TASK DETAILS: Repeat, word for word, every line from the line holding "Profi-Gartenhahn und Huhn aus Metall" through the final line of the entries below. Skip all pictures.
*** TASK DATA ***
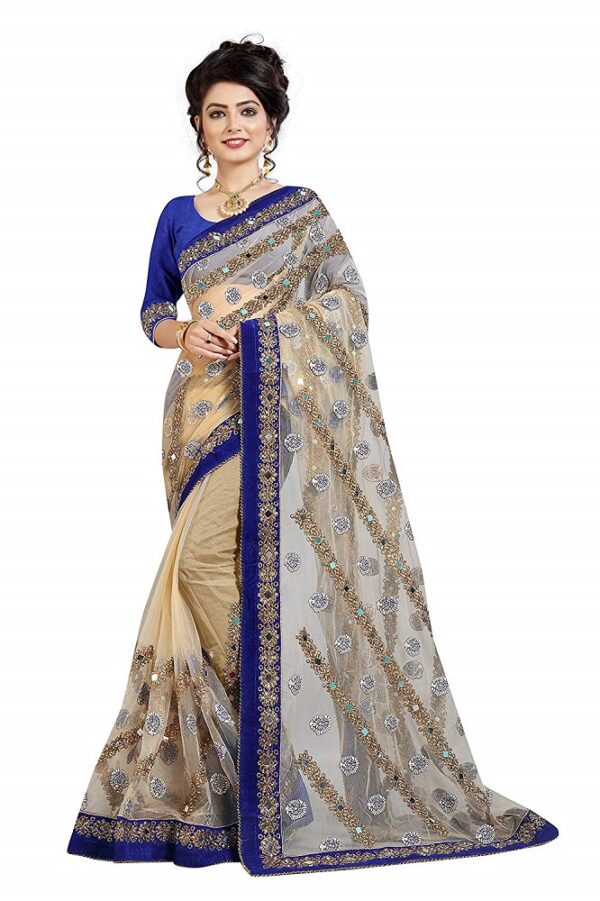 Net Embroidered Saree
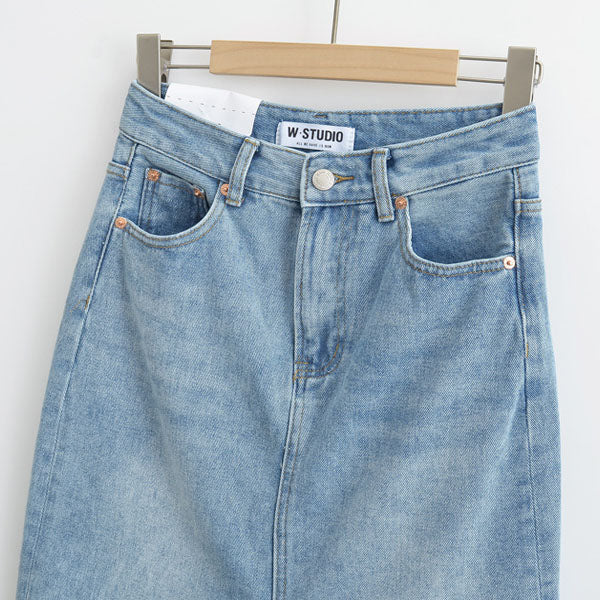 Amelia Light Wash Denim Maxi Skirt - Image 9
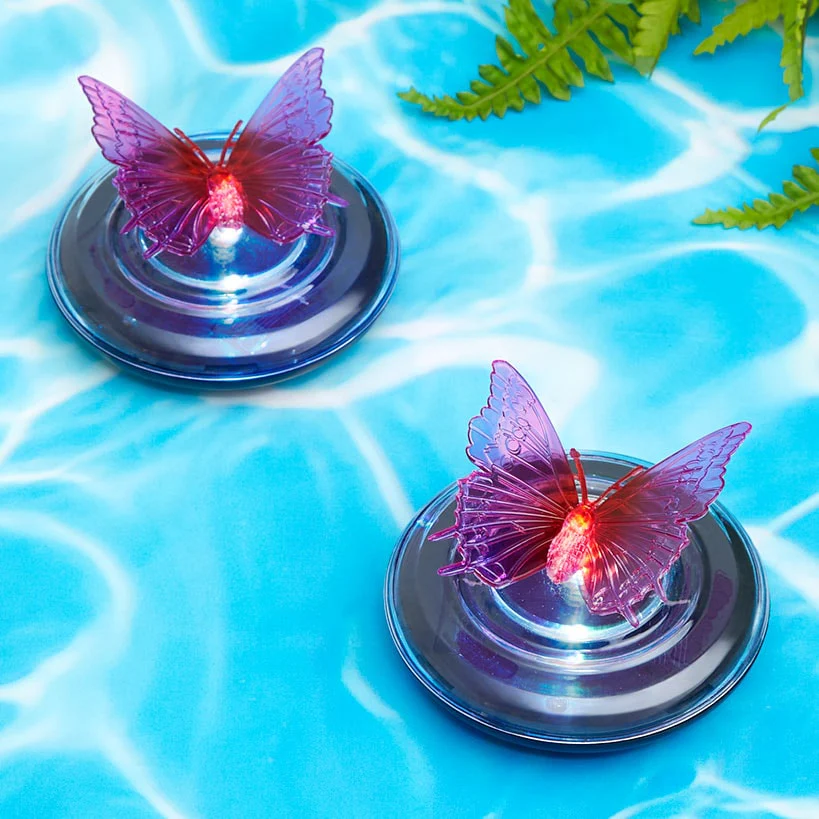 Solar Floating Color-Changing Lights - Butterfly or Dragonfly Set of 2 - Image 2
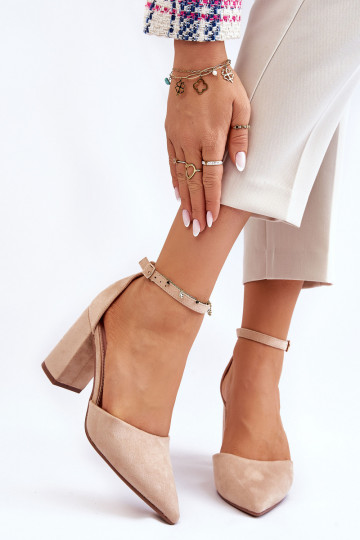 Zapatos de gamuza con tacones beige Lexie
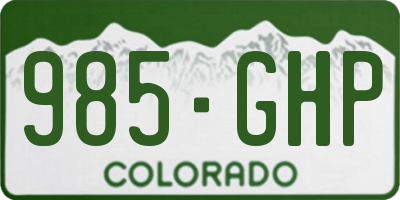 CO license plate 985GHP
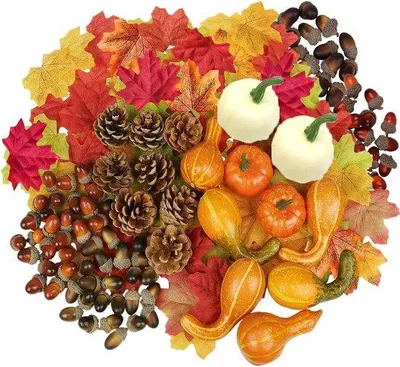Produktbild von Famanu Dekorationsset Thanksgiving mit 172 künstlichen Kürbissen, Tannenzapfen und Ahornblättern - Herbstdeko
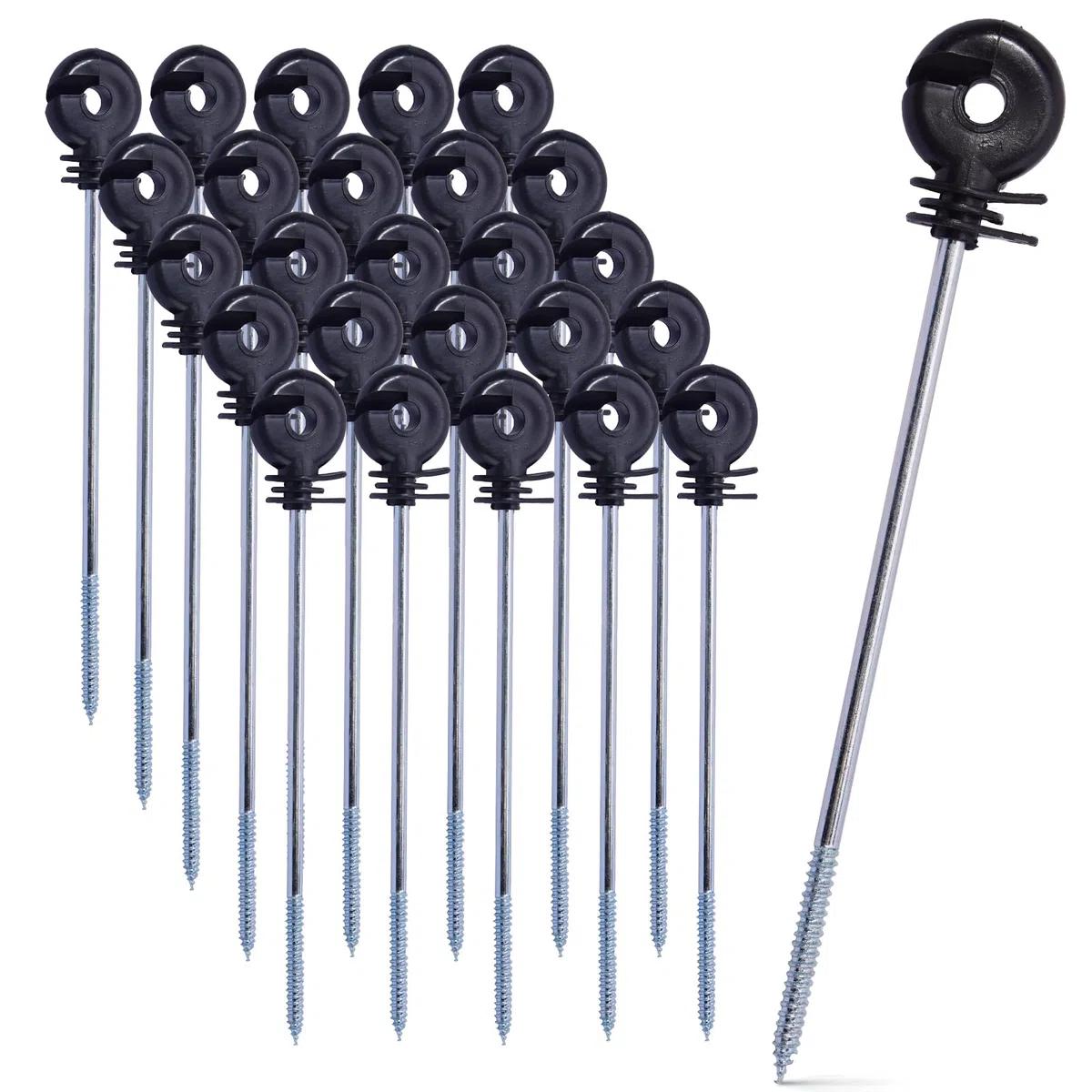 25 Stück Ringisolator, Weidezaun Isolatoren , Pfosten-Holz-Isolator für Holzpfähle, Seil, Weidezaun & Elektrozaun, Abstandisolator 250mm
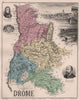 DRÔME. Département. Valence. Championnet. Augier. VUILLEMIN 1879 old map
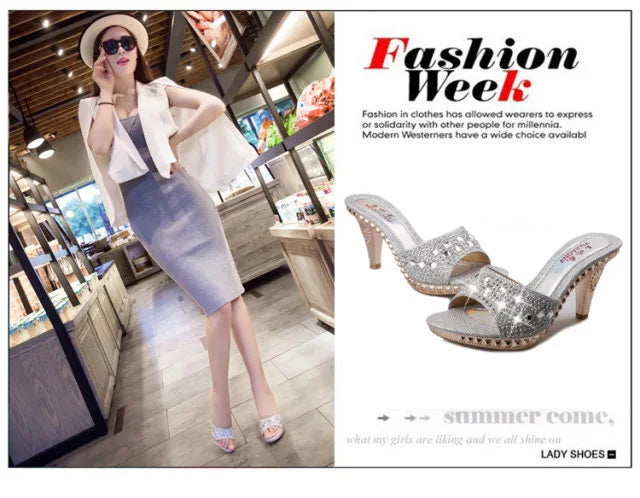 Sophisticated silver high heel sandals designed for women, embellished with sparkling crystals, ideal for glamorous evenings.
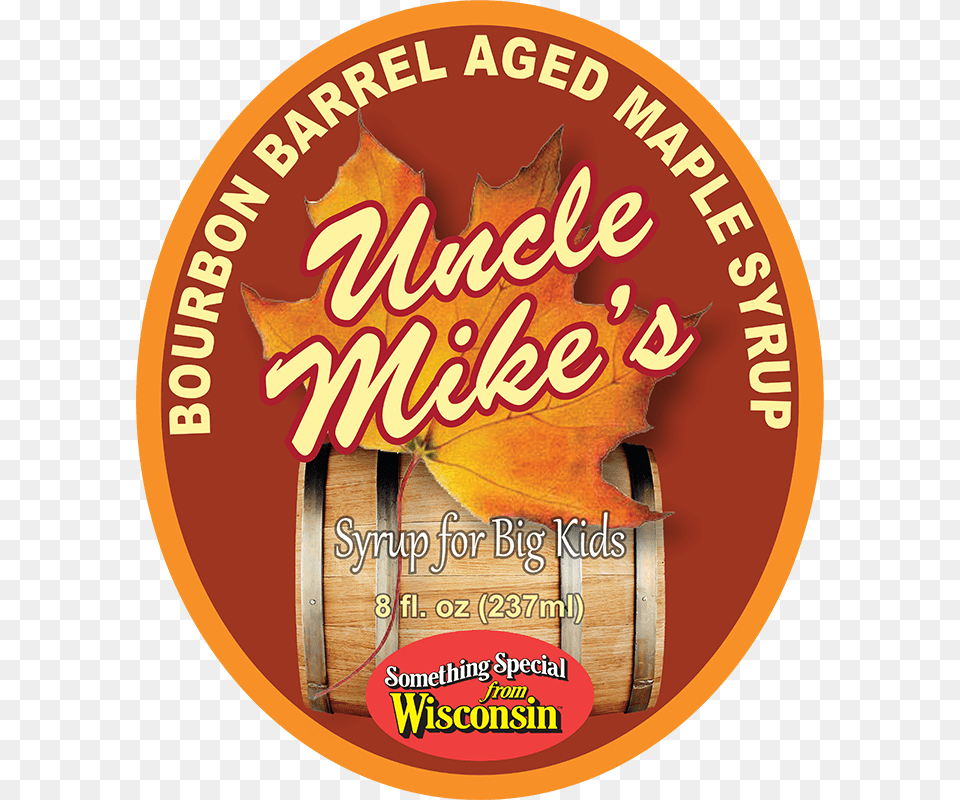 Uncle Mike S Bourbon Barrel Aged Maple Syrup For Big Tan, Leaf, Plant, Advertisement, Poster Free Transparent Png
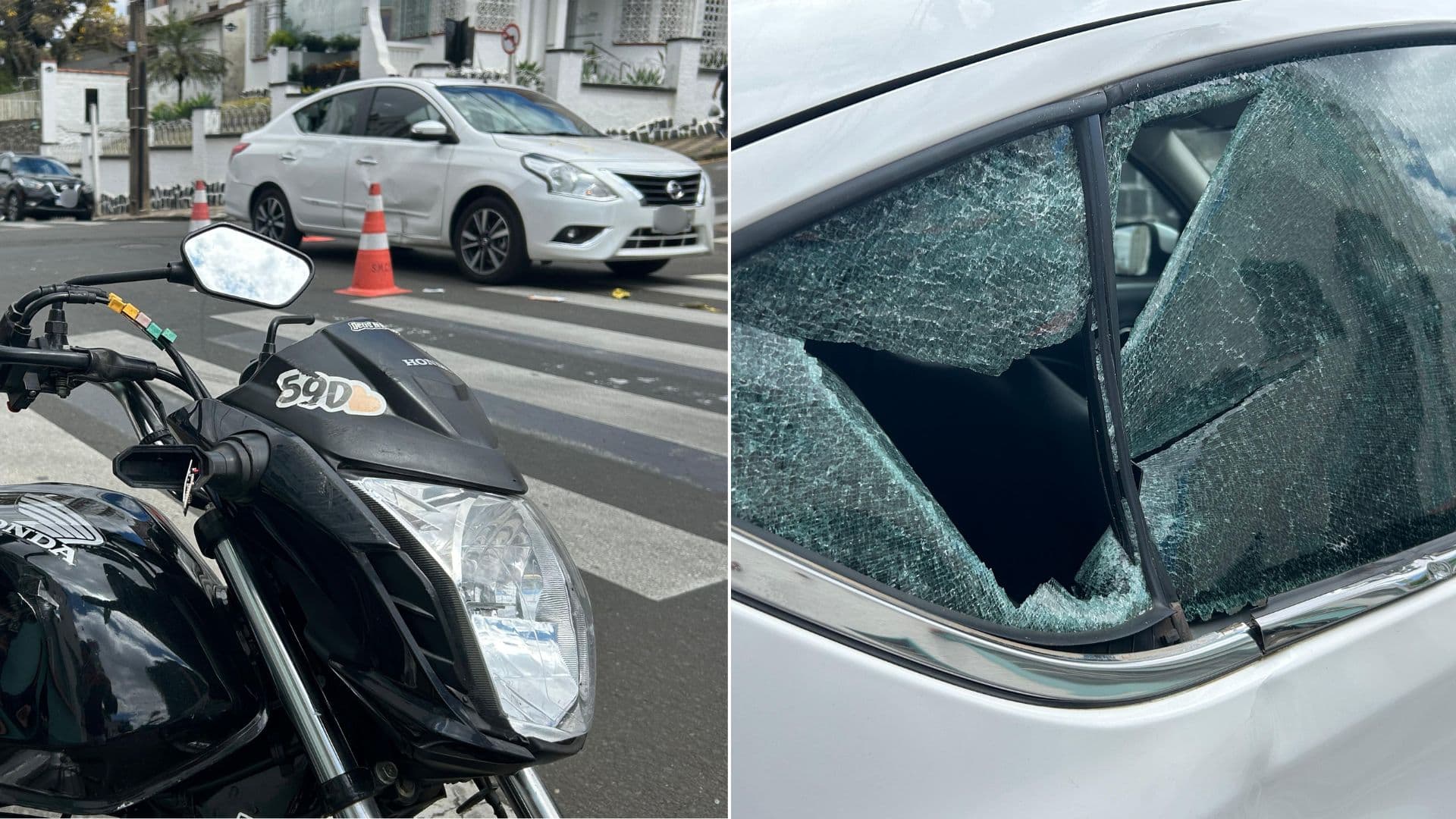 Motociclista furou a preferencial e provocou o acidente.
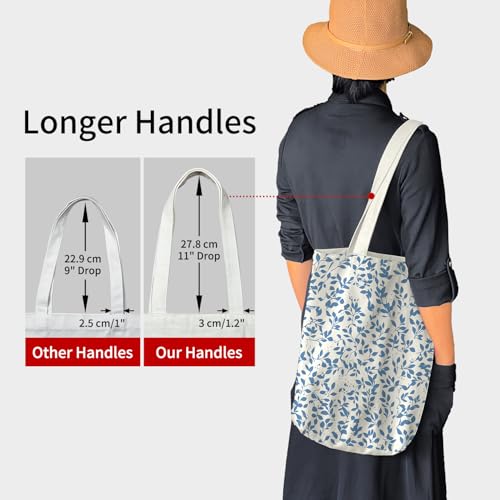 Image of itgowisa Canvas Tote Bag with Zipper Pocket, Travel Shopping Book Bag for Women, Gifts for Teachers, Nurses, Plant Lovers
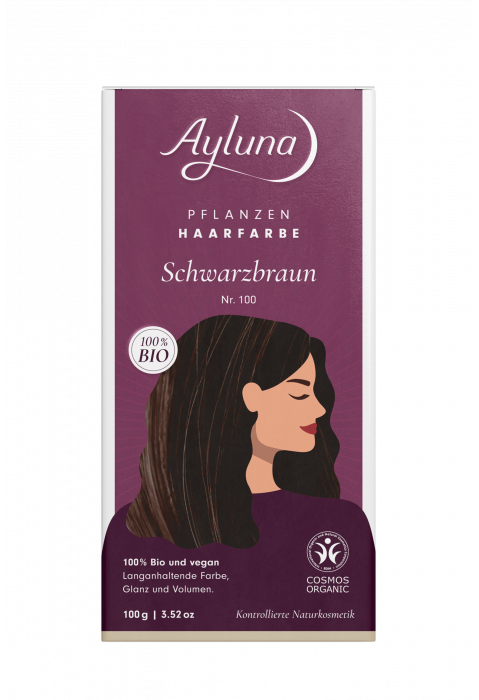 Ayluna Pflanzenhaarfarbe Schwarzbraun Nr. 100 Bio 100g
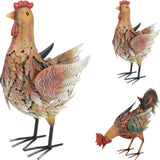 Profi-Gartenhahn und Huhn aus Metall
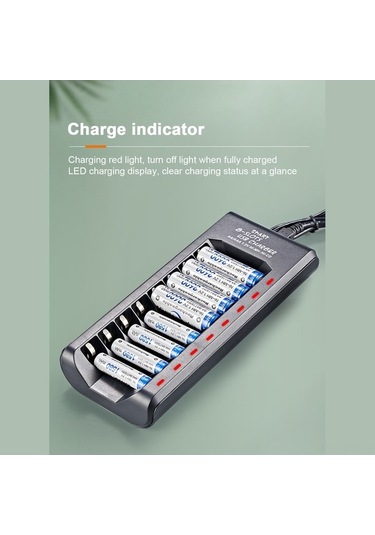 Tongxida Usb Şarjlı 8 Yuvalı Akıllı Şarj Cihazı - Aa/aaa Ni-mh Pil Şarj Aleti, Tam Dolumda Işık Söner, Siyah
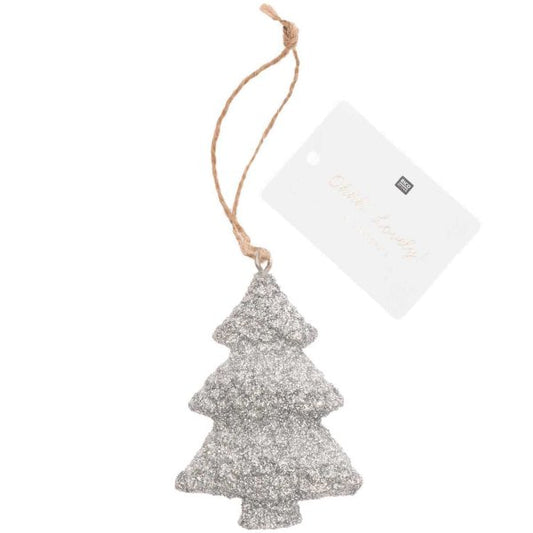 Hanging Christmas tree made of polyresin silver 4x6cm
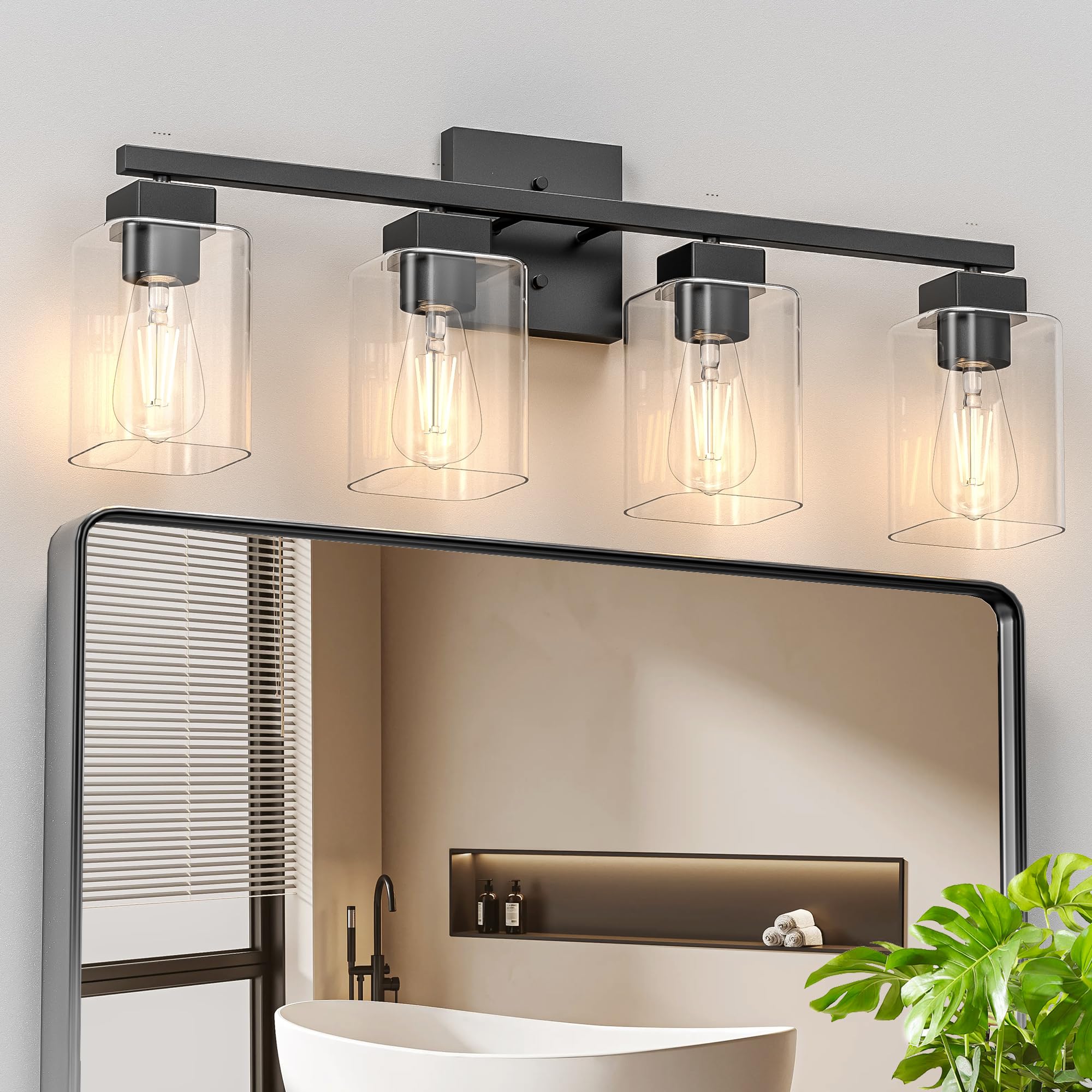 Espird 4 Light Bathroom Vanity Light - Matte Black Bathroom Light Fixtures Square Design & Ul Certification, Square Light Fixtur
***
WRITTEN SOLUTION:
 Profi-Gartenhahn und Huhn aus Metall
 Tongxida Usb Şarjlı 8 Yuvalı Akıllı Şarj Cihazı - Aa/aaa Ni-mh Pil Şarj Aleti, Tam Dolumda Işık Söner, Siyah
 Hanging Christmas tree made of polyresin silver 4x6cm
 Espird 4 Light Bathroom Vanity Light - Matte Black Bathroom Light Fixtures Square Design & Ul Certification, Square Light Fixtur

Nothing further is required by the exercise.